- Lobby card for The House of Fear
- Directed by: Joe May
- Screenplay by: Peter Milne
- Based on: The Last Warning by Thomas F. Fallon
- Starring: William Gargan; Irene Hervey; Dorothy Arnold; Alan Dinehart;
- Cinematography: Milton Krasner
- Edited by: Frank Gross
- Color process: Black and white
- Production companies: Crime Club Productions, Inc.
- Distributed by: Universal Pictures Company, Inc.
- Release date: June 30, 1939;
- Running time: 67 minutes
- Country: United States
- Language: English

= The House of Fear (1939 film) =

1939 American film by Joe May

The House of Fear is a 1939 American horror mystery film directed by Joe May and starring William Gargan, Irene Hervey and Dorothy Arnold.

Originally set for a filming schedule of 10 days and $10,000, the film went over budget and over schedule.
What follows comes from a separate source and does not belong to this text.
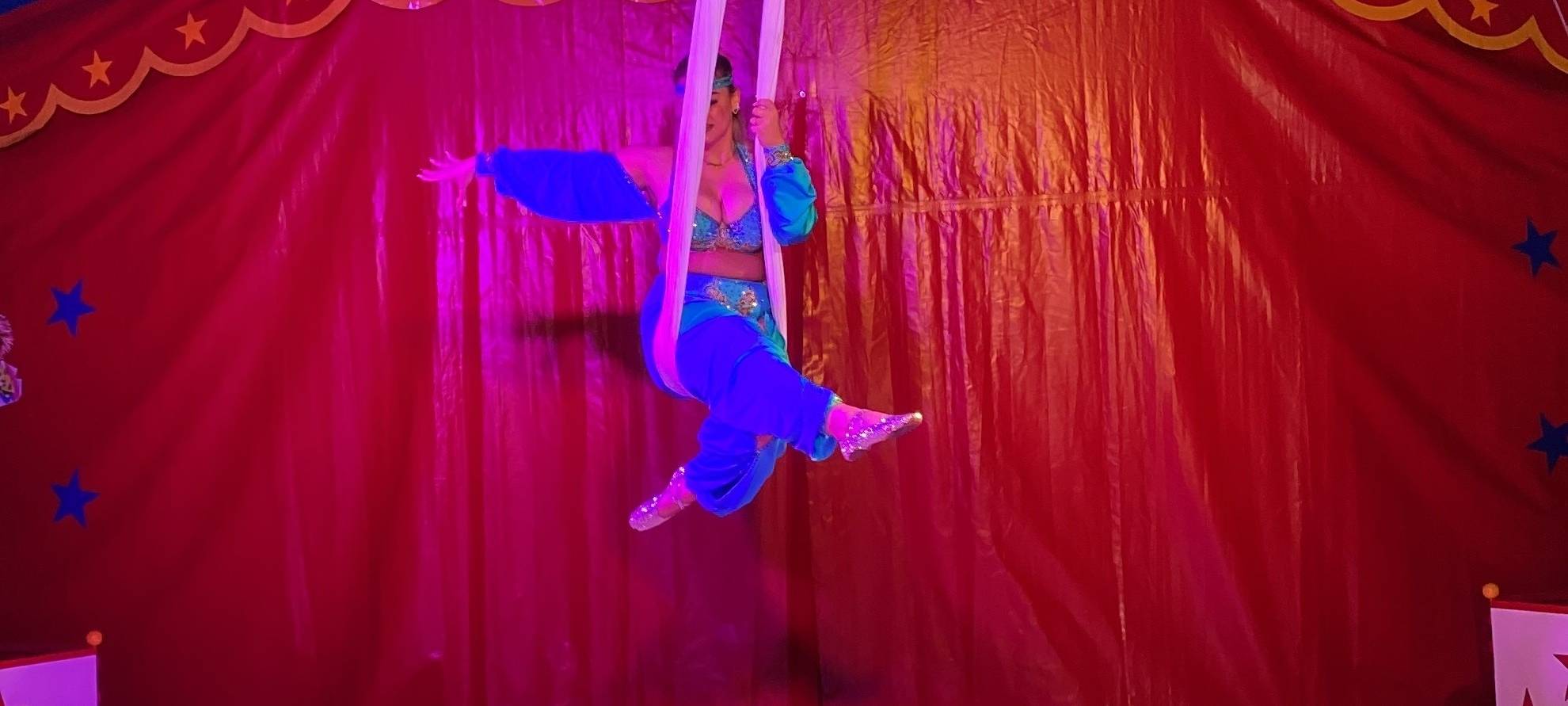 Zum Nachhören: Das Leben im Circus Sarelli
On its release, it received positive reviews from Variety, The Hollywood Reporter and The New York Daily News.

==Plot==
After an actor is killed during the middle of a play the theatre is closed. A year later a young producer re-assembles the cast and re-opens the theatre, intending to the stage the same play performed on the night of the murder.

==Production==
The House of Fear began production on March 16, 1939, with a budget just over $100,000. The film entered production under the title Backstage Phantom, the title of the source novel by Wadsworth Camp the film was adapted from and was based on the story and play "The Last Warning" by Thomas F. Fallon. The film was part of the Crime Club mystery series. 11 films were made in the series between 1937 and 1939. The film was a remake of The Last Warning, directed by Paul Leni.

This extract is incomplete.